Emeis : renaissance d’un leader européen des soins, de la rééducation et de l’accompagnement des seniors

emeis 2025

Introduction

Emeis, anciennement connu sous le nom d’Orpea, est aujourd’hui l’un des groupes les plus importants dans le secteur des services de santé, de réadaptation, de soins de suite et des établissements pour personnes âgées. Après avoir traversé une période de crise et de transformation, le groupe affiche une ambition renouvelée et un projet de redressement sous la houlette de nouveaux actionnaires et d’une gouvernance remodelée.
Afin d’en savoir davantage sur sa mission, ses établissements et son organisation, le site officiel emeis.fr présente en détail ses activités et engagements.
Cet article propose une analyse détaillée de son modèle, de sa trajectoire financière, de ses enjeux et de ses perspectives à l’horizon 2025.

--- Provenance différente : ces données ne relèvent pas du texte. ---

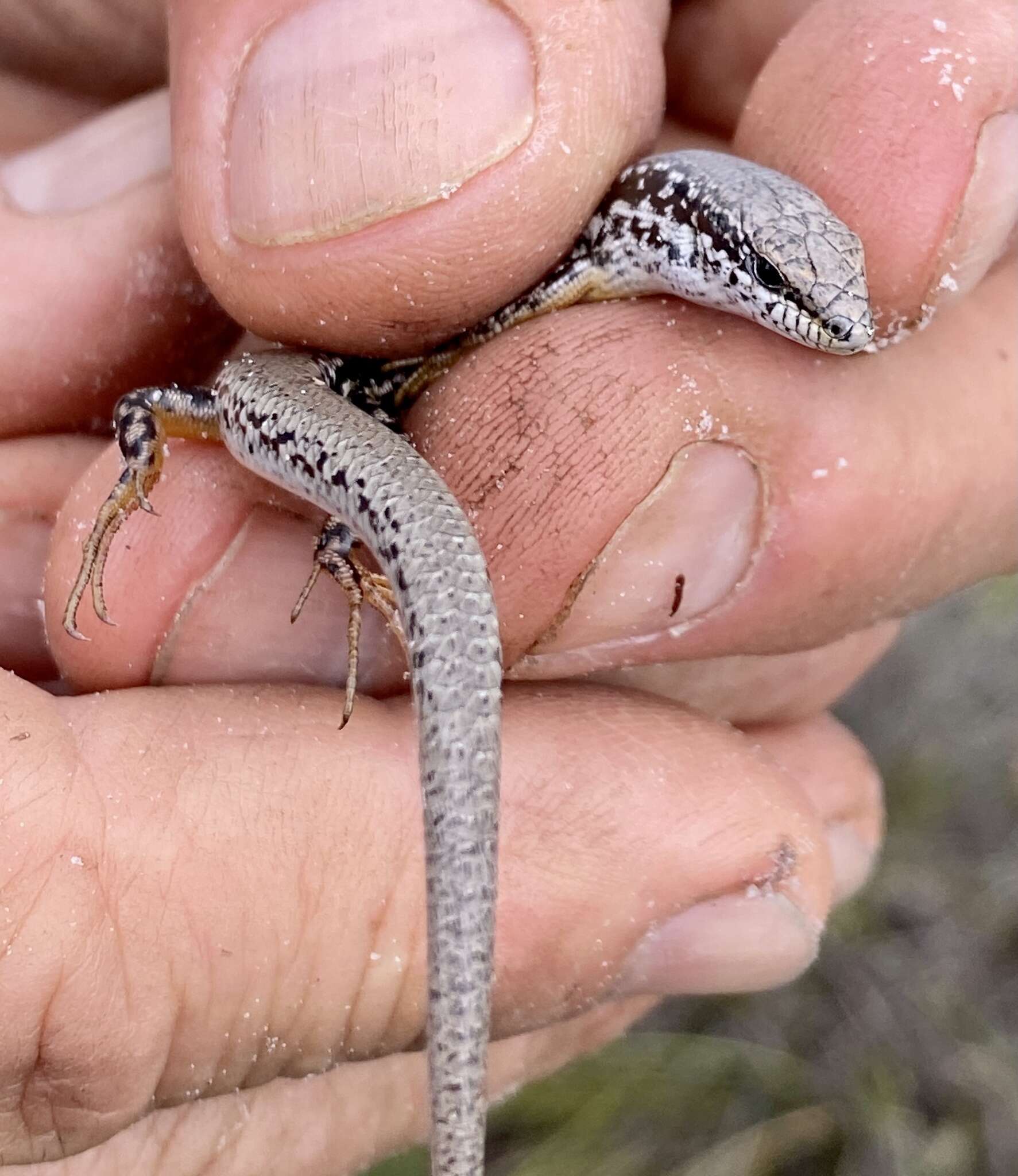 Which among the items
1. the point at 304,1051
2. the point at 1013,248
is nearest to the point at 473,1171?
the point at 304,1051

Historique et mutation : d’Orpea à Emeis

Des origines à la crise

Fondé en 1989 par le docteur Jean-Claude Marian, Orpea avait progressivement bâti une forte présence dans les établissements pour personnes âgées, les cliniques de soins de suite et de réadaptation, ainsi que les cliniques psychiatriques. En 1999, Orpea créa la filiale Clinea pour regrouper ses activités de soins de suite, réadaptation et psychiatrie. En 2002, le groupe fut introduit en bourse.
Toutefois, en 2022, l’ouvrage Les Fossoyeurs du journaliste Victor Castanet révéla des allégations de maltraitance, de rationnement de soins, de dysfonctionnements et d’utilisation inappropriée des financements publics dans certains établissements gérés par Orpea. Ces révélations entraînèrent une forte chute du cours de l’action du groupe, une perte de confiance du public et une mise sous pression politique et judiciaire.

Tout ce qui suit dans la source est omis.